Question

is the line through points p(-8,-10) and q(-5,-12) perpendicular to the line through points r(9,-6) and s(17,-5)

Answer 1

Explanation:

No they are not perpendicular.

Perpendicular lines have slopes that are negative reciprocals of each other.

PQ slope = -12 - -10/-5 --8 = -2/3

RS slope = -5 - -6/17 -9 = 1/8

Slope are not negative reciprocals - the lines are not perpendicular.

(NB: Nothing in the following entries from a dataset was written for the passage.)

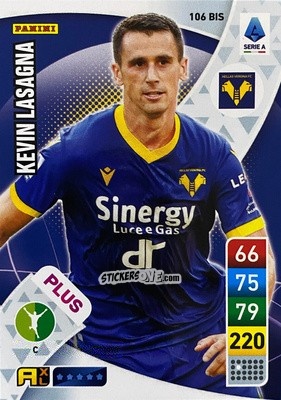 Sticker Kevin Lasagna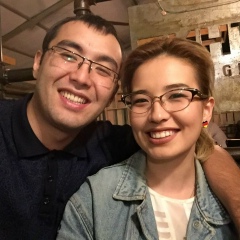 Gulzira Kemelbaevna, 08.09.1994, Алматы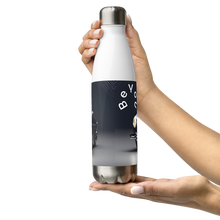 Load image into Gallery viewer, &quot;The Roadster&quot; Stainless Steel Water Bottle.
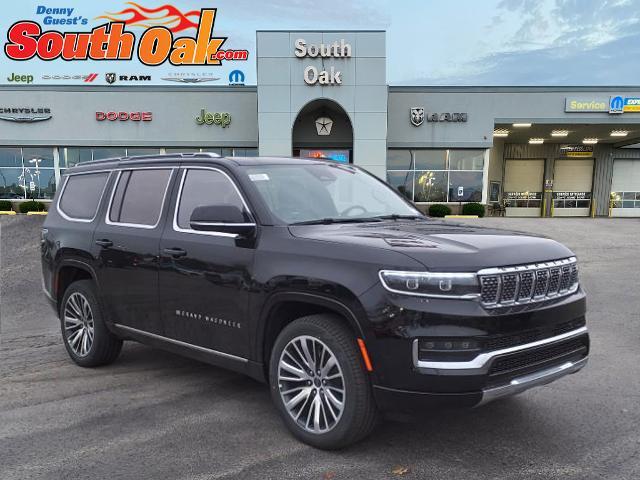 new 2024 Jeep Grand Wagoneer car, priced at $89,900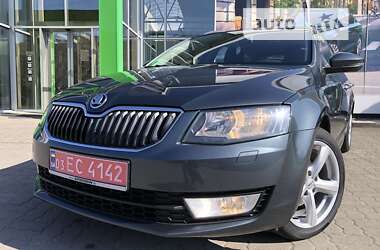 Универсал Skoda Octavia 2016 в Луцке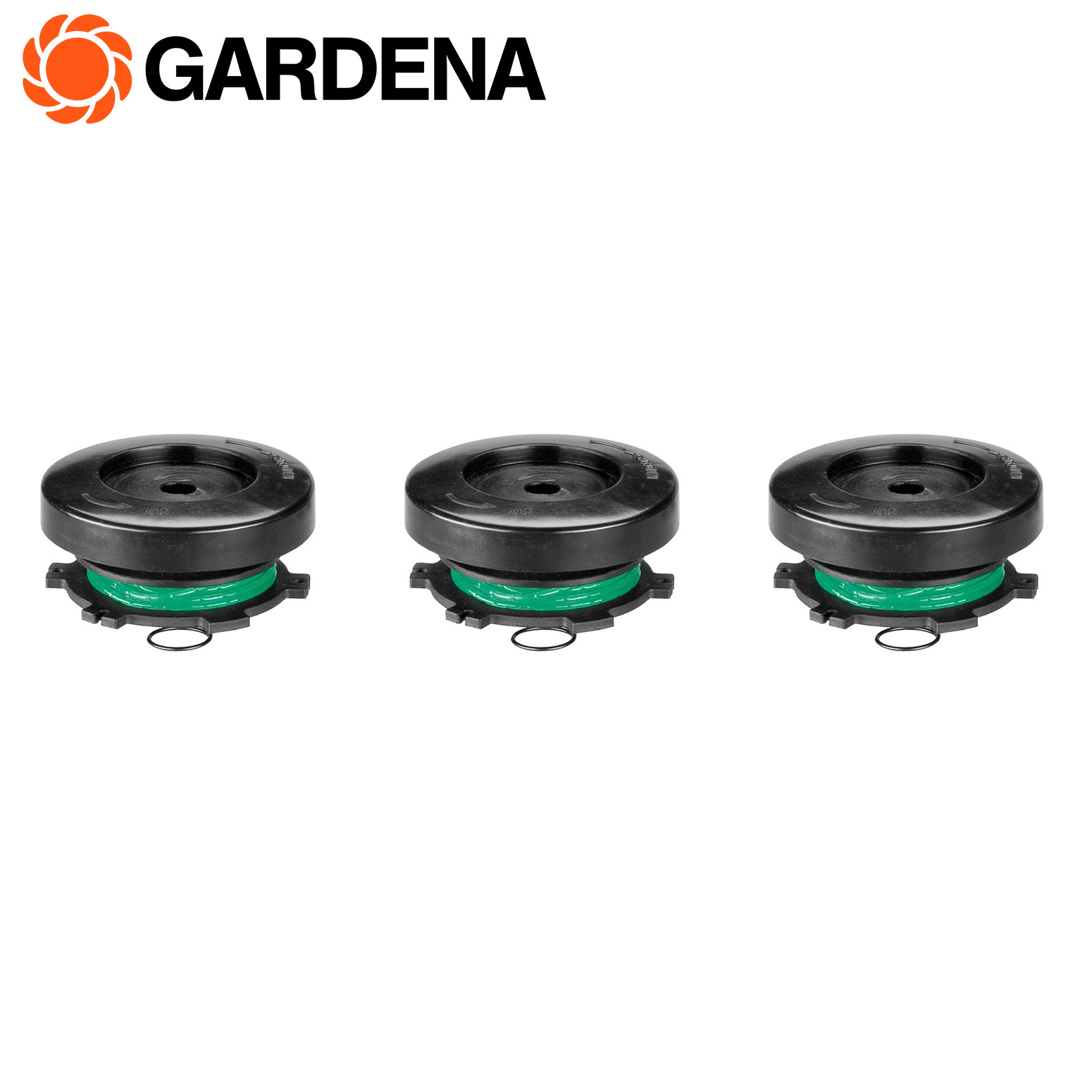Bobina Ricambio Gardena ProCut 800/1000 Originale Set 3x - Alta qualità Bobine Filo Tagliabordi Disponibile ora con spedizione veloce in tutto il mondo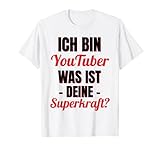 Ich Bin Youtuber Was Ist Deine Superkraft Youtuber T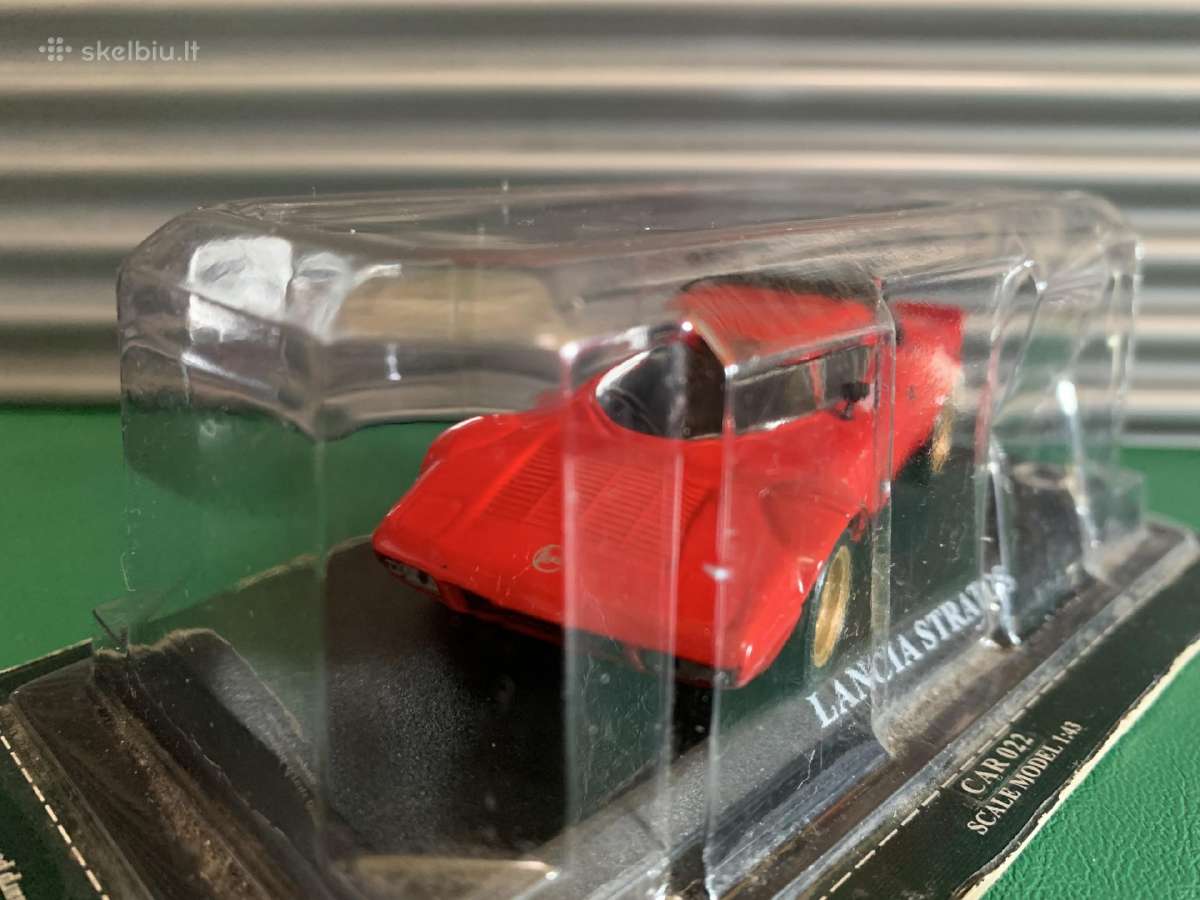 Lancia 1/43 - nuotraukos Nr. 5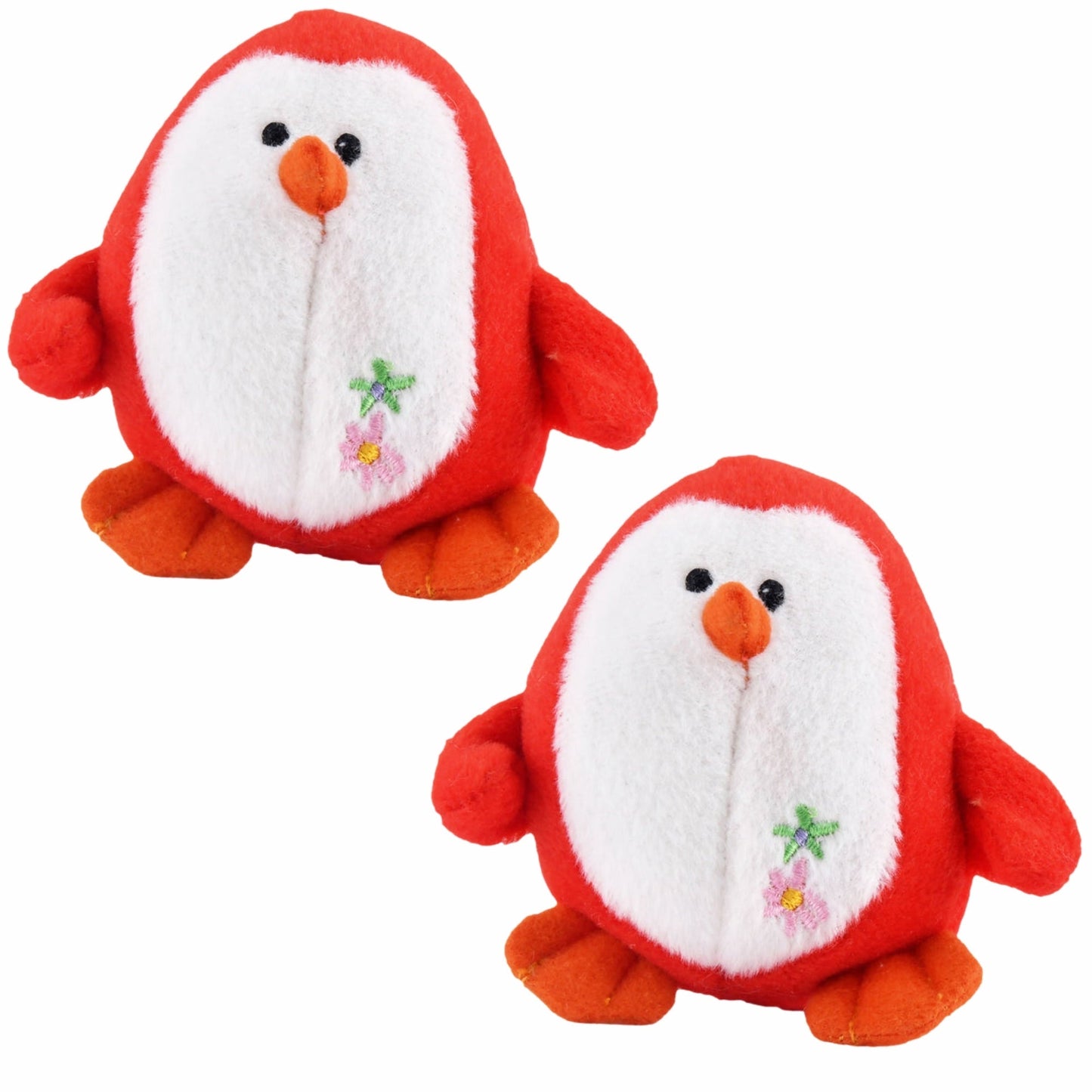 Jouet couineur Pingouin en peluche Jeffers pour chiots et petits chiens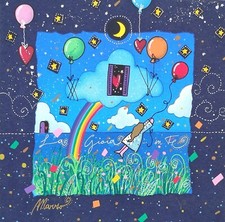 Andrea AGOSTINI, Marzo, serigrafia materica, 25x25 cm, firmata, autentica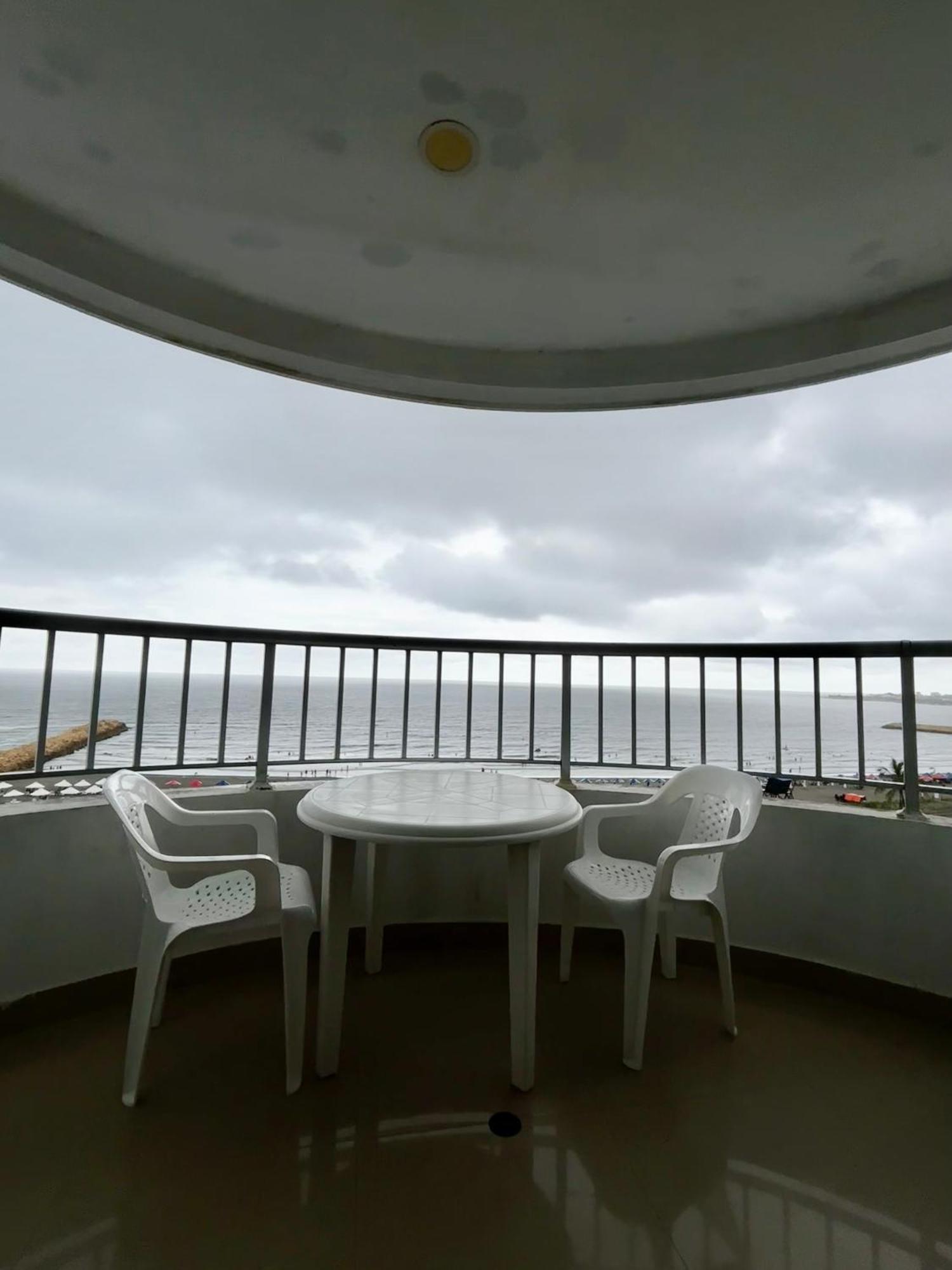 Paraiso En Bocagrande Con Vista Al Mar Cartagena المظهر الخارجي الصورة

Slope formula is m = y2 - y1/x2 - x1

Use this to determine slope.

For example if the the slope of RS was 3/2 - the lines would be perpendicular.

Answer 2

we dunno, hmmm let's check for the slope for PQ

`P(\stackrel{x_1}{-8}~,~\stackrel{y_1}{-10})\qquad Q(\stackrel{x_2}{-5}~,~\stackrel{y_2}{-12}) \\\\\\ \stackrel{slope}{m}\implies \cfrac{\stackrel{\textit{\large rise}} {\stackrel{y_2}{-12}-\stackrel{y1}{(-10)}}}{\underset{\textit{\large run}} {\underset{x_2}{-5}-\underset{x_1}{(-8)}}} \implies \cfrac{-12 +10}{-5 +8} \implies \cfrac{ -2 }{ 3 } \implies - \cfrac{2 }{ 3 }`

keeping in mind that perpendicular lines have negative reciprocal slopes, then if both are truly perpendicular, then line RS will have a slope of

`\stackrel{~\hspace{5em}\textit{perpendicular lines have \underline{negative reciprocal} slopes}~\hspace{5em}} {\stackrel{slope}{ \cfrac{-2}{3}} ~\hfill \stackrel{reciprocal}{\cfrac{3}{-2}} ~\hfill \stackrel{negative~reciprocal}{-\cfrac{3}{-2} \implies \cfrac{3}{ 2 }}}`

let's see if that's true

`R(\stackrel{x_1}{9}~,~\stackrel{y_1}{-6})\qquad S(\stackrel{x_2}{17}~,~\stackrel{y_2}{-5}) \\\\\\ \stackrel{slope}{m}\implies \cfrac{\stackrel{\textit{\large rise}} {\stackrel{y_2}{-5}-\stackrel{y1}{(-6)}}}{\underset{\textit{\large run}} {\underset{x_2}{17}-\underset{x_1}{9}}} \implies \cfrac{-5 +6}{8} \implies \cfrac{ 1 }{ 8 } ~~ \bigotimes ~~ \textit{not perpendicular}`